INTERVERTEBRAL DISC DISORDERS
Each vertebrae of the spine is separated from neighboring segments by a spinal disc. These 23 pad-like structures not only cushion the 24 movable spinal vertebrae but also make possible the flexibility of the spine that is so essential to normal bending movements. Disc disorders can lead to irritation of the spinal nerves directly or indirectly. With the contributory factor of the subluxation, such complications may trigger a full fledged syndrome of severe nerve root compression or irritation. Because almost all spinal nerves pass through movable passageways (the foramina), such contingencies by no means rare. The validity of this approach is attested by millions of chiropractic patients each year.
While such mechanical lesions are frequently associated with the spine, they also can exist in other parts of the musculoskeletal system (eg, articulations of extraspinal joints). As disturbances in one area may produce disorders in other areas, the accurate determination of cause and effect of a patient’s problem often involves detailed complicated analysis. The musculoskeletal system is intimately connected with all other body systems through the nervous system.

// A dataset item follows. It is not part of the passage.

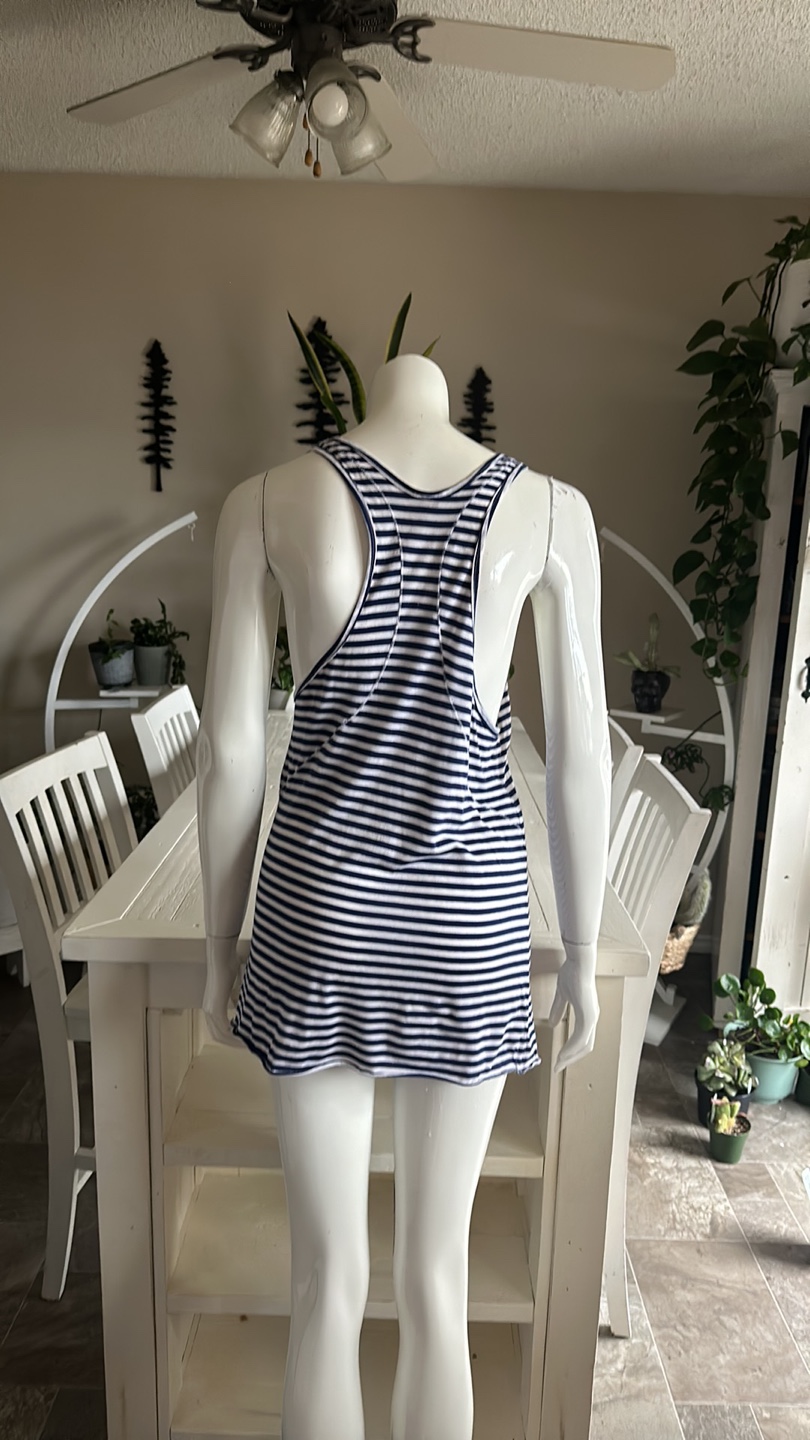 Wilfred Striped navy and white  racerback Tank Top - photo 3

A corrective structural adjustment by a chiropractic physician (spinal or extraspinal) should not be confused with other forms of manipulation. Manipulative therapy in one form or another is used somewhat in all the healing arts. Allopathic manipulation is usually little more than a therapist putting a patient’s joint through its normal range of motion to stretch muscles and break adhesions. Osteopathic manipulation is designed to increase joint motion and relieve fixations. On the other hand, a chiropractic corrective adjustment is made only after careful analysis and delivered in a specific manner to achieve a specific predetermined goal. It is a precise delicate maneuver requiring special bioengineering skills and a deftness not unlike that required by a neurosurgeon. The effect is stimulating but seldom painful.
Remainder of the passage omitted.